2023 yılındaki bir seçim kampanyası sırasında insanların soylarının, kökenlerinin kamuoyu önünde tartışma konusu haline geldiği bir ayrımcılığa tanıklık etmek, bu yıl 100’üncü kuruluş yıldönümünü kutlayacak olan Türkiye Cumhuriyeti’ne yakışan bir görüntü değildir.

*

Ben işte bu satırları yazarken, önüme Mustafa Destici’nin dün yaptığı yeni bir açıklama düştü. Destici, ilk açıklamayı yaptığı TV 100’e bu kez “Ben hiçbir Boşnak, Makedonyalı, Arnavut, Kosovalı, Karadağlı, Batı Trakyalı ya da Bulgaristan’daki Türkleri incitmek istemem.
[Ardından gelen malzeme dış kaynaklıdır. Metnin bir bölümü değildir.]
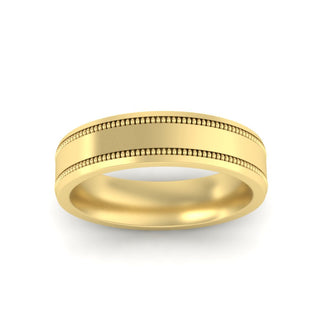 5 mm Mens Band Double Milgrain - MENAGERIE Intimates MENS Lingerie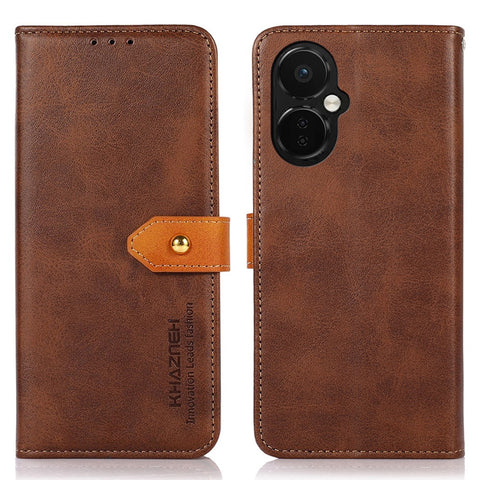 KHAZNEH For OnePlus Nord CE 3 Lite 5G / Nord N30 5G Cowhide Texture Cell Phone Case PU Leather Gold Buckle Stand Wallet Cover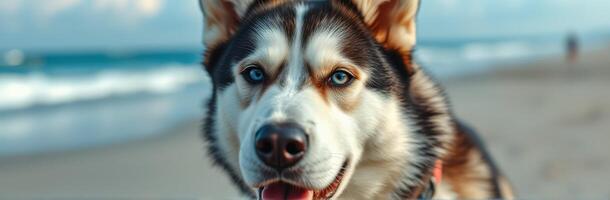 Energetic husky running along the sandy beach during a sunny day near the ocean photo
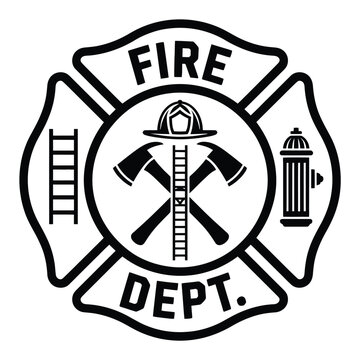 Fire Department Vector Illustration with Firefighter Symbols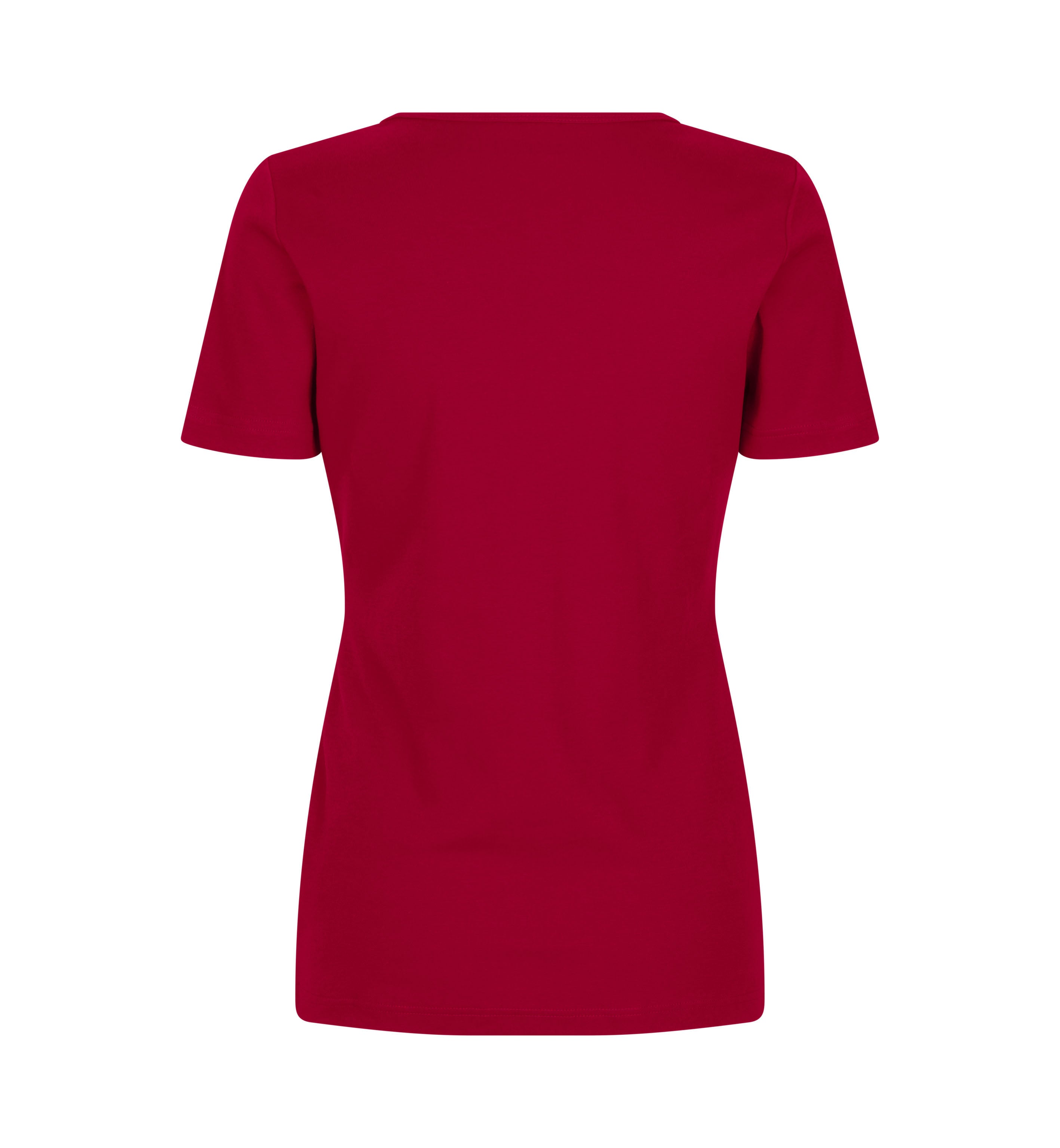ID 0506 Interlock T-shirt | v-hals | dame nærbillede til broderi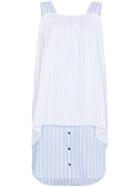 Monographie Sleeveless Pleated Stripe Cotton Dress - White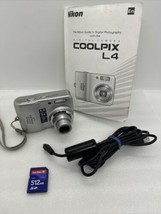 Nikon COOLPIX L4 4.0MP Digital Camera - Silver Tested &amp; Working W/cord &amp;... - £36.57 GBP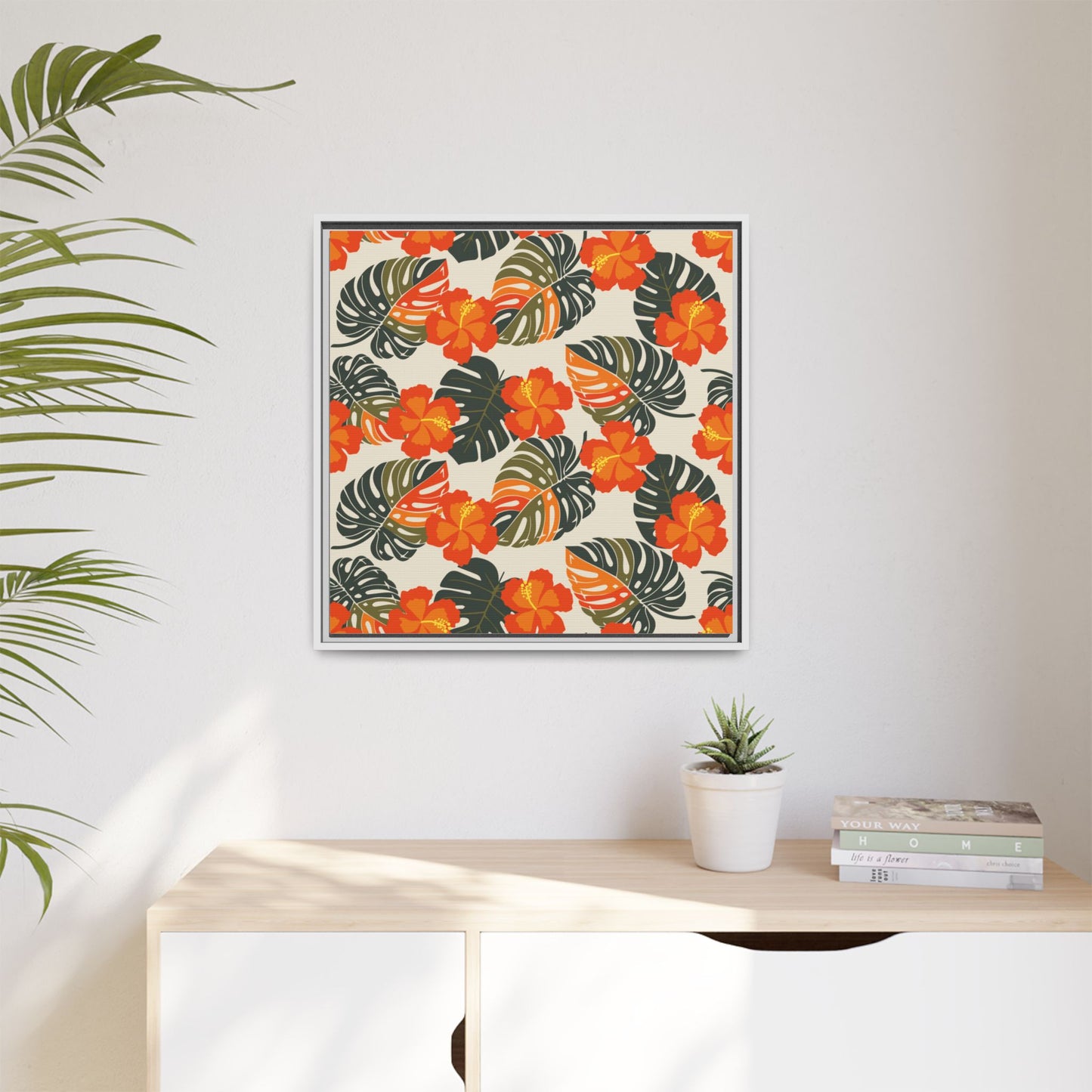 Orange Hibiscus Framed Matte Canvas Art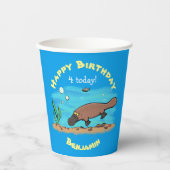 かわいいカモノハシのスイミングアニメ 紙コップ (正面)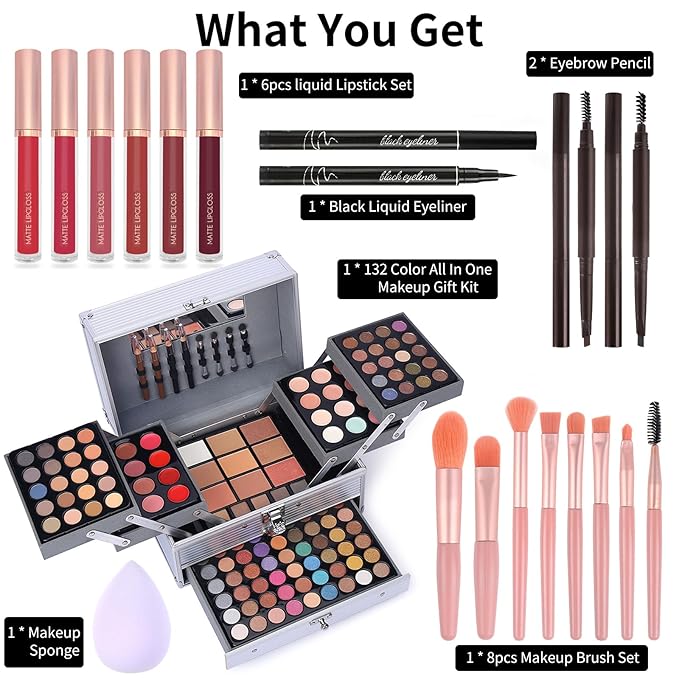 Makeup Gift Set For Women Girls, All in One Full Makeup Kit with Eyeshadow, Lip Gloss, Concealer, Blush, Contour, Highlighter Face Brushes Liquid Lipsticks Eyebrow Pen Eyeliner Pencil Sponge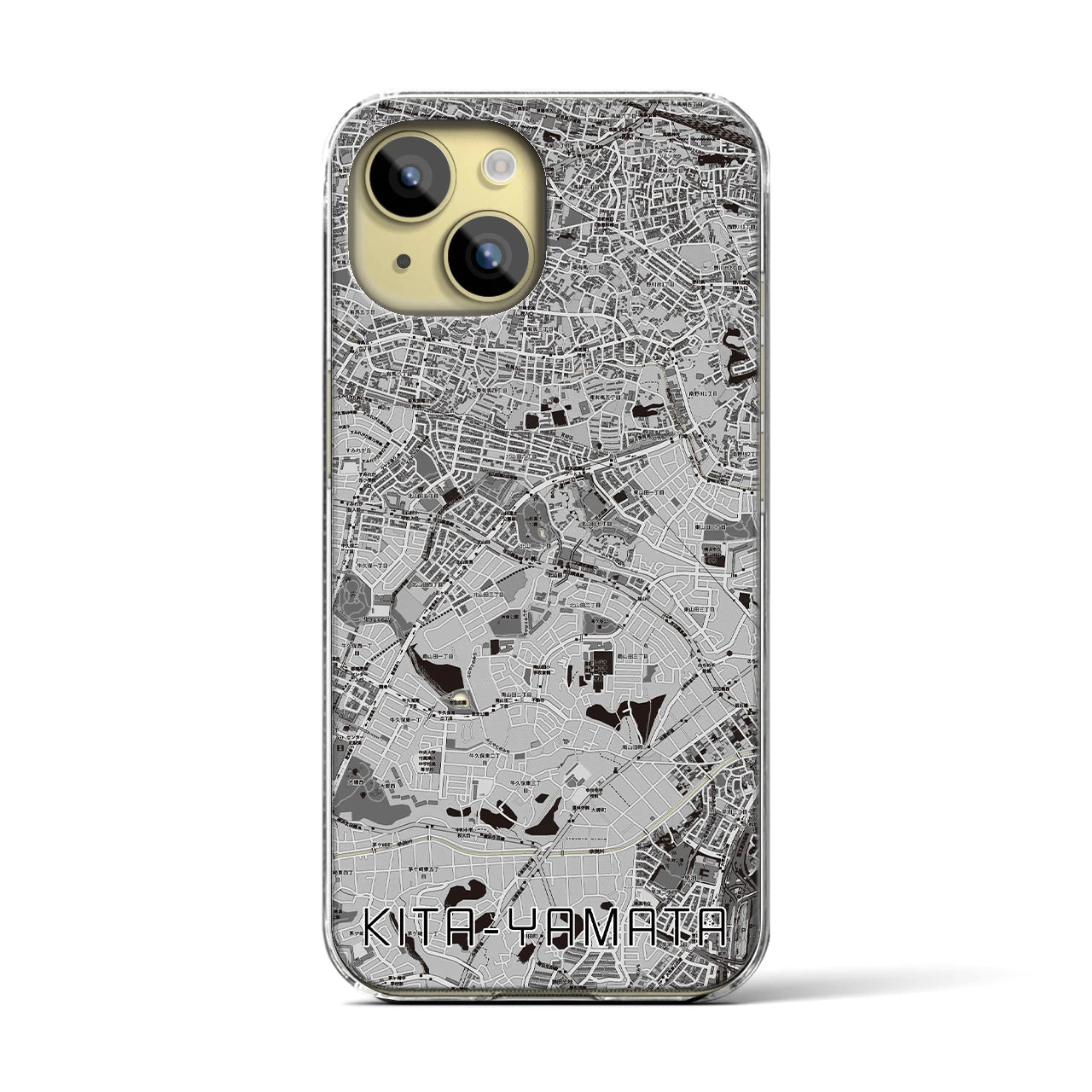 【北山田(神奈川県)】地図柄iPhoneケース(クリアタイプ)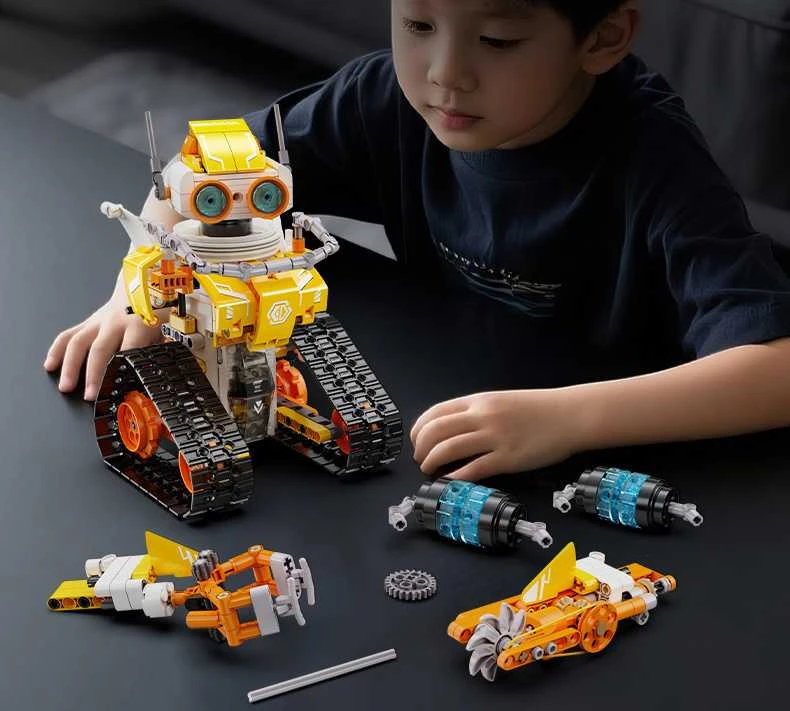 CADA CODE robotų blokų rinkinys, modelis W.BOT RC, nuotoliniu būdu valdomas Dual Mode 455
Onlar zaten ödemesi gereken bedeli ödemişler, canlarını vermişler, topraklarını vermemişler” diye konuşmuş ve eklemiş:

“Eğer ağzımdan da yanlış bir şey çıkmışsa onlardan özür dilerim, özür dilemekten hiç çekinmem.”

Her halükârda yükselen tepki dalgası Destici’yi dün bu açıklamayı yapmak zorunda bırakmıştır.

Destici “Eğer…” diye söze girerek yanlış yaptığını tam olarak net bir ifadeyle kabullenmese de, yine de bu kadarını ifade etmiş olmasını bir “adım” diye nitelendirip bu yazıyı kapatalım.